(Caption-style text data)

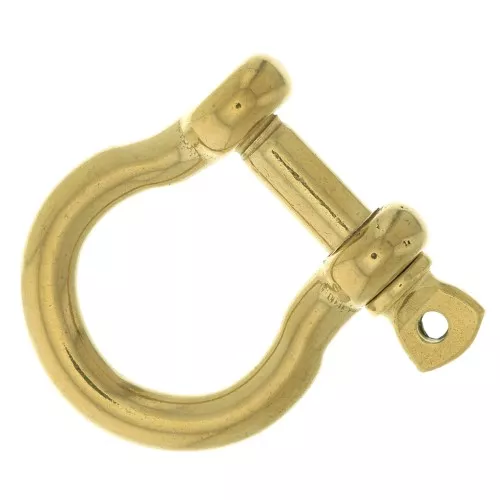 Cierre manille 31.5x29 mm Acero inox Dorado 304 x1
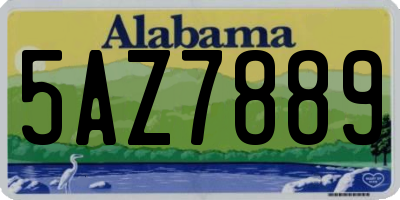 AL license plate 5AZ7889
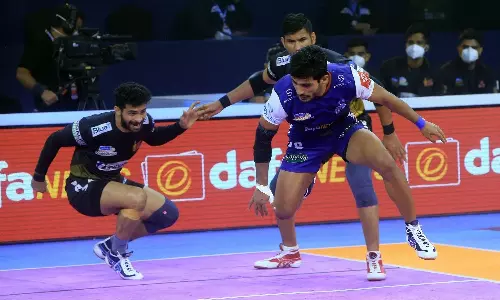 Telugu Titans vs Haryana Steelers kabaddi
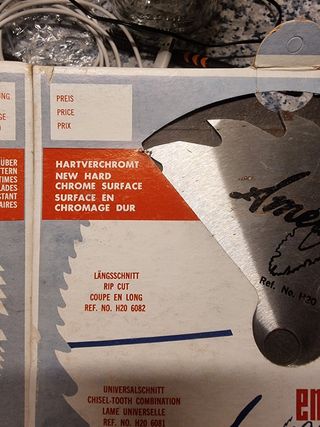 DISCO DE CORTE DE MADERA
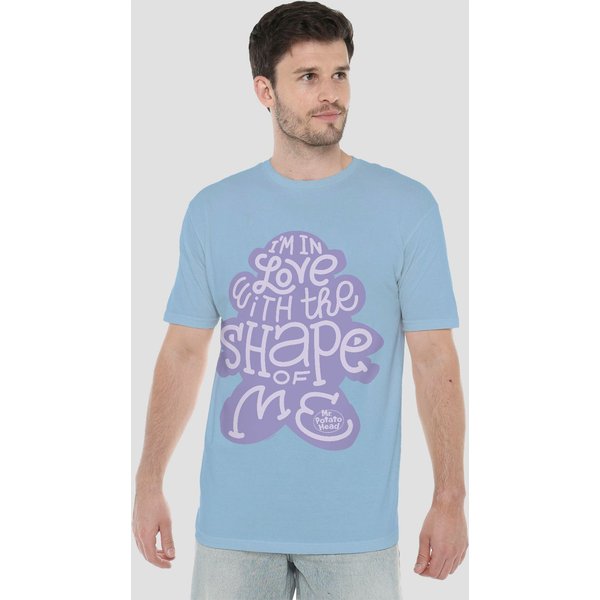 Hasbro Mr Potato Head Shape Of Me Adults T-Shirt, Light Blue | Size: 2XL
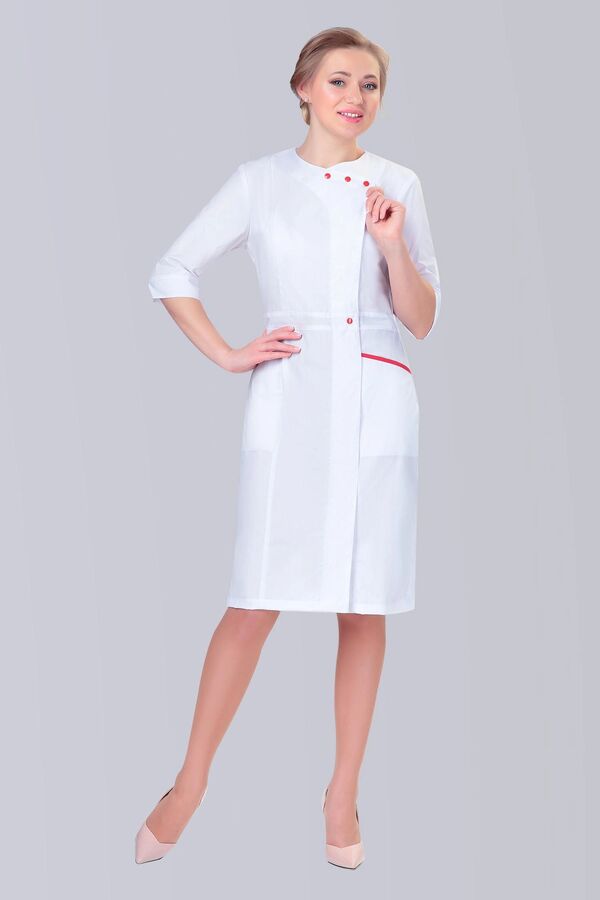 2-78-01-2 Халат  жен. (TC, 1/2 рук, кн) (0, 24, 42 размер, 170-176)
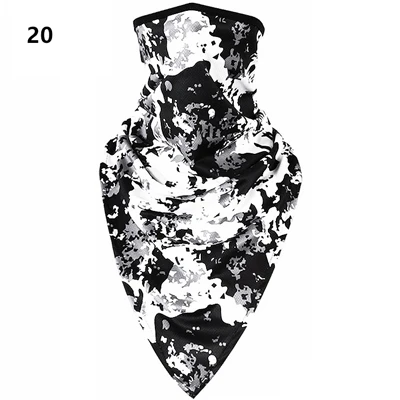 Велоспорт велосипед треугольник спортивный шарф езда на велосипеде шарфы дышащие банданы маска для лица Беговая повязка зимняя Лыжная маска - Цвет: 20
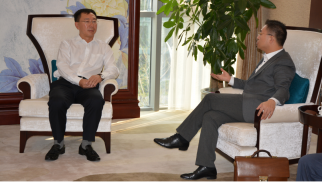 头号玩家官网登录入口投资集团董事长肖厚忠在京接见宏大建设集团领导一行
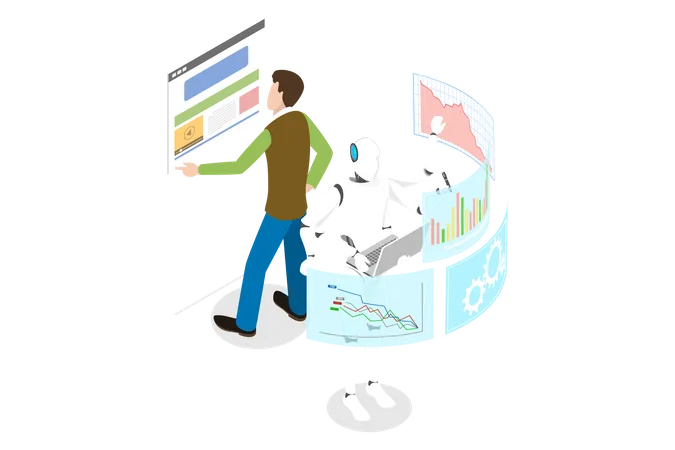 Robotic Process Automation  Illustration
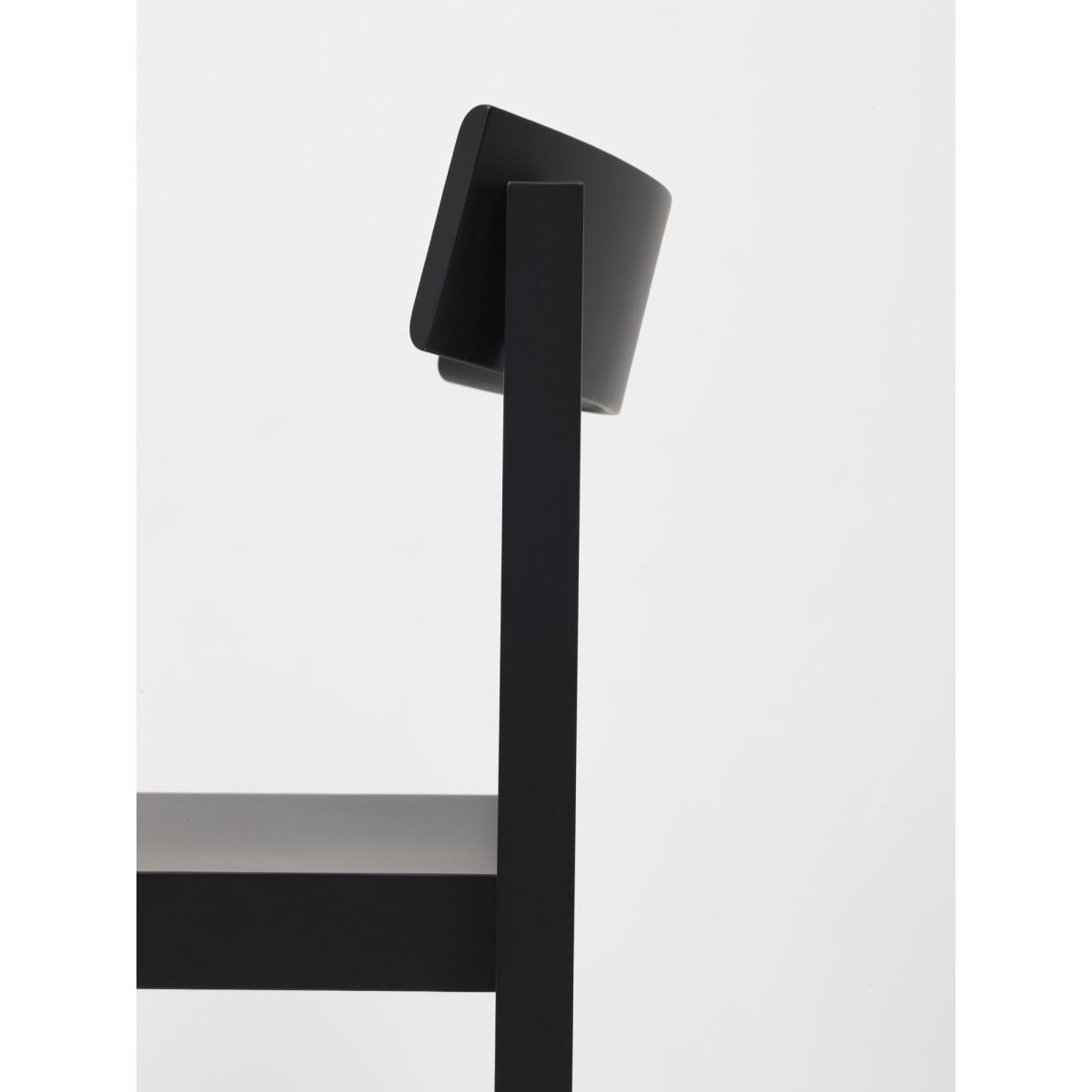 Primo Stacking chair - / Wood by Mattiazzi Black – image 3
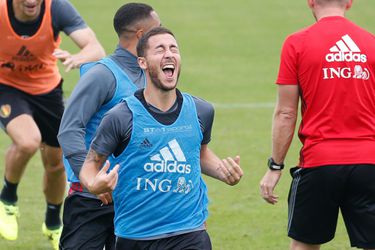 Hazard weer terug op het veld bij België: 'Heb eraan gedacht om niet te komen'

§ WORK REQUIRED: Repeat the lines of the records verbatim, starting at the line containing "Primo Stacking chair" and stopping after the final line. Images stay out.

§ EXERCISE RESPONSE:
 Primo Stacking chair - / Wood by Mattiazzi Black – image 3
 Hazard weer terug op het veld bij België: 'Heb eraan gedacht om niet te komen'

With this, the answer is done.